== Exercise directions ==
Once you find the line containing "Photo - 4707 Meadowthorn Ct", set down exactly that line and every one after it through the end of the listing below, with both ends included and any pictures omitted.
*** Opening of Records supplied ***
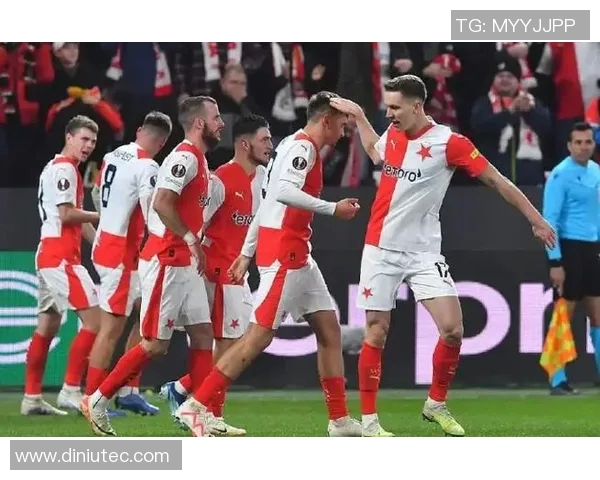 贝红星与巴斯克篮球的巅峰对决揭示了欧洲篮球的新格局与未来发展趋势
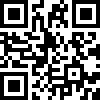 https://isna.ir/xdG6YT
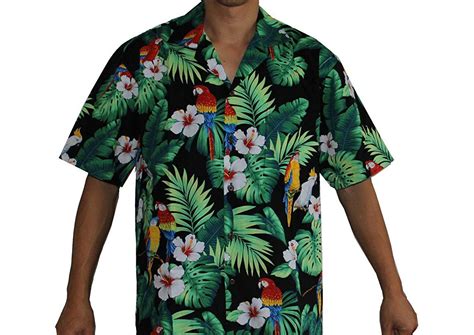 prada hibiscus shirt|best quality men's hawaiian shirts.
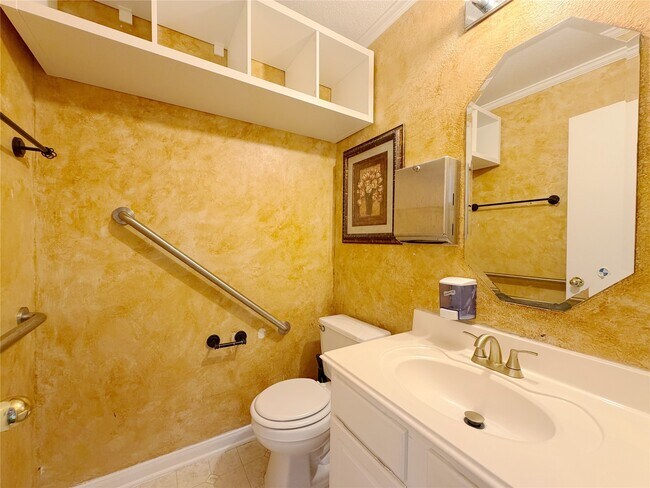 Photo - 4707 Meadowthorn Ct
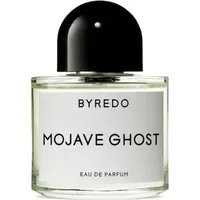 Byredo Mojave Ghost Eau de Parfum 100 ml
*** Close of Records supplied ***
== Reply ==
 Photo - 4707 Meadowthorn Ct
 Byredo Mojave Ghost Eau de Parfum 100 ml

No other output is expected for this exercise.